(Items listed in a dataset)
________________________________________
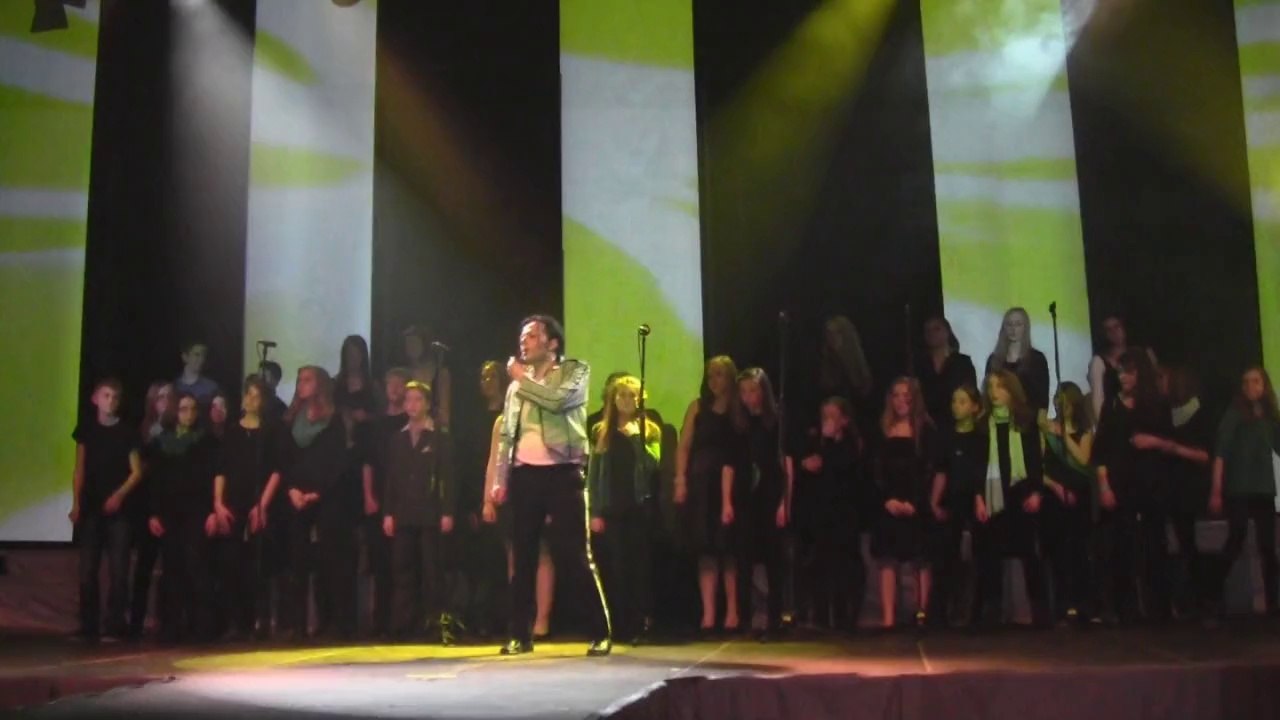 André Santisi - Die Michael Jackson Show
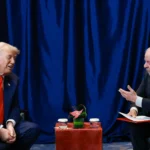 Lula vai se reunir com Trump em Washington nesta quinta-feira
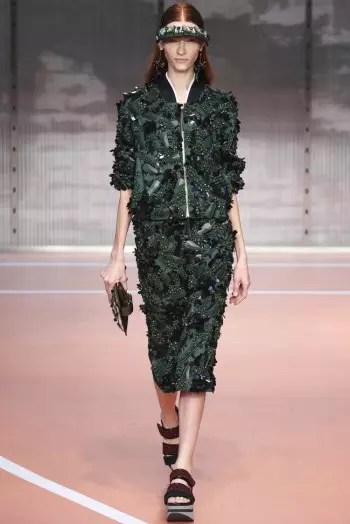 Marni Primavera 2014 | Semana de la moda de Milán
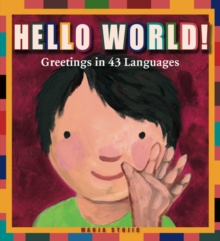 Image for Hello world!  : greetings in 43 languages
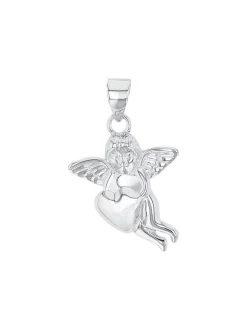 amor Damen Motivanhänger in silber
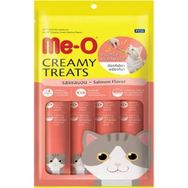 Me-O Creamy Treats Somonlu 12x60 gr Kedi Ödül Maması
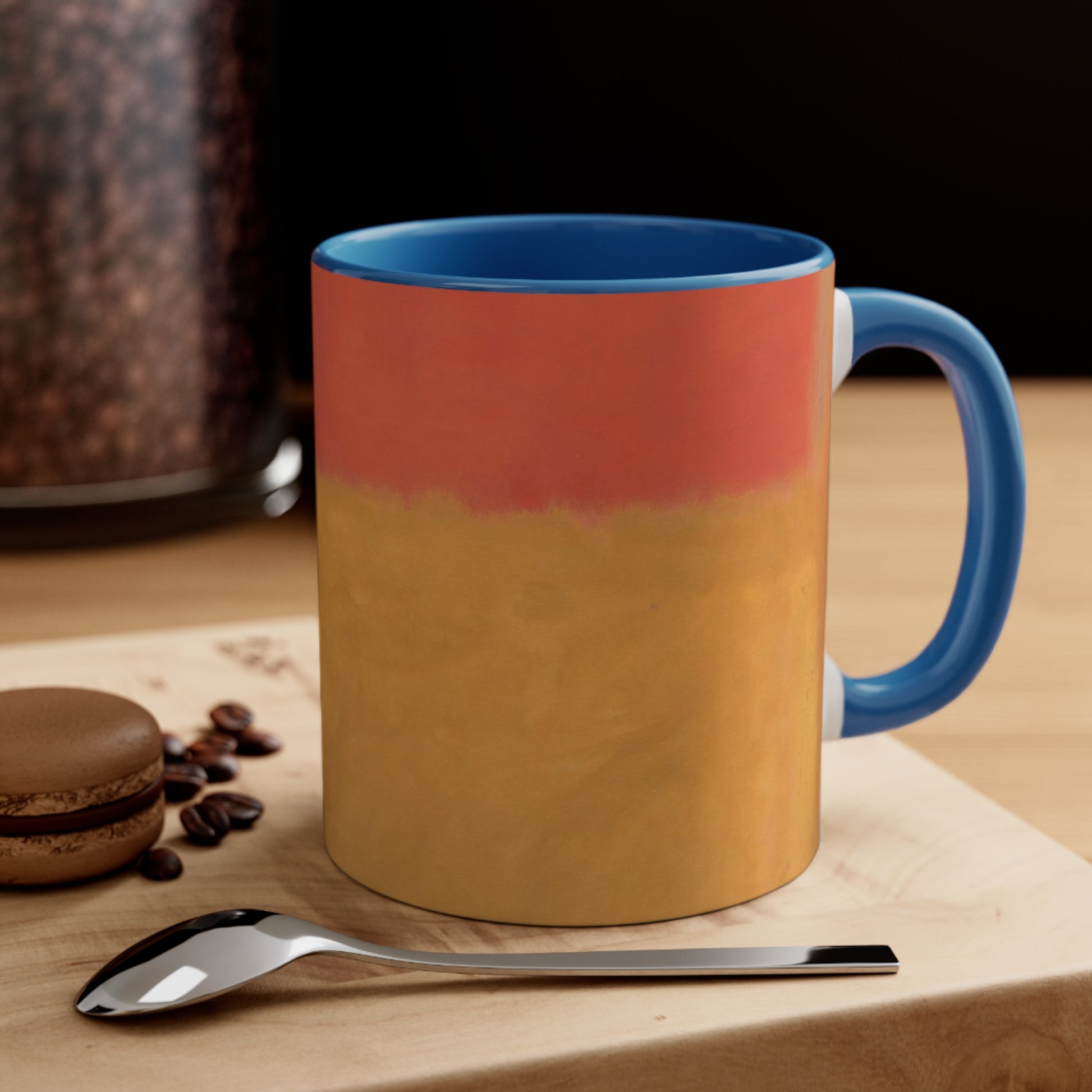 MARK ROTHKO - ABSTRACT ART - COFFEE MUG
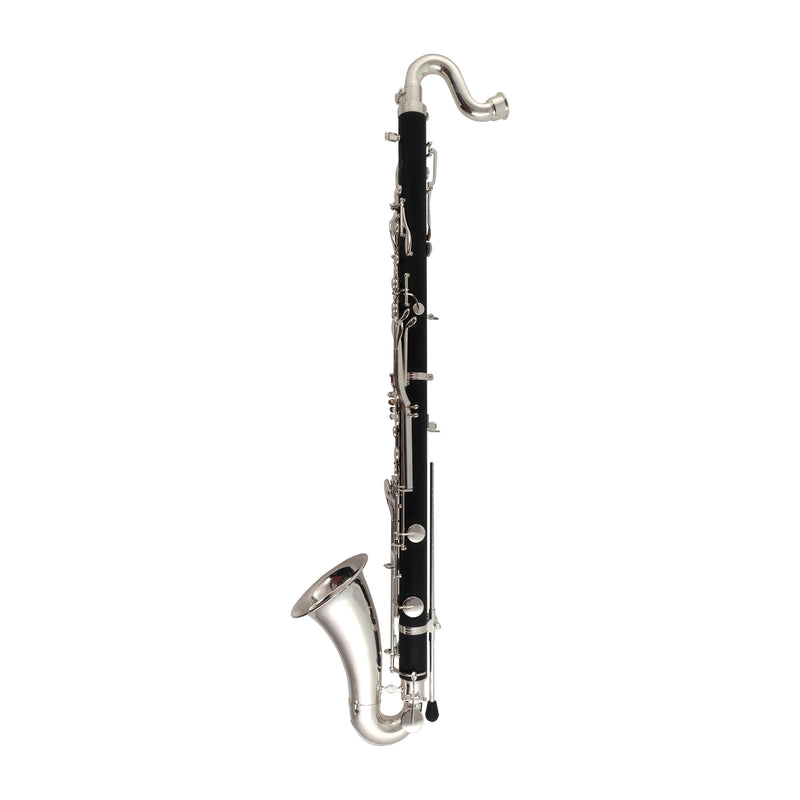 Pre-owned John Packer JP122 Bb Bass Clarinet to low Eb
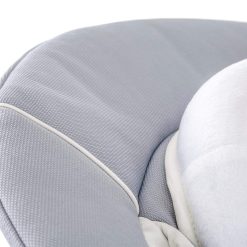 Hauck Alpha Stretch Grey 2 in 1 Bouncer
________________________________________
■ How to complete this task
The records above need to be restated word for word, with the pictures left out.

■ Reply to the task
 André Santisi - Die Michael Jackson Show
 Lula vai se reunir com Trump em Washington nesta quinta-feira
 Marni Primavera 2014 | Semana de la moda de Milán
 Image for Hello world!  : greetings in 43 languages
 amor Damen Motivanhänger in silber
 Me-O Creamy Treats Somonlu 12x60 gr Kedi Ödül Maması
 MARK ROTHKO - ABSTRACT ART - COFFEE MUG
 Pre-owned John Packer JP122 Bb Bass Clarinet to low Eb
 Hauck Alpha Stretch Grey 2 in 1 Bouncer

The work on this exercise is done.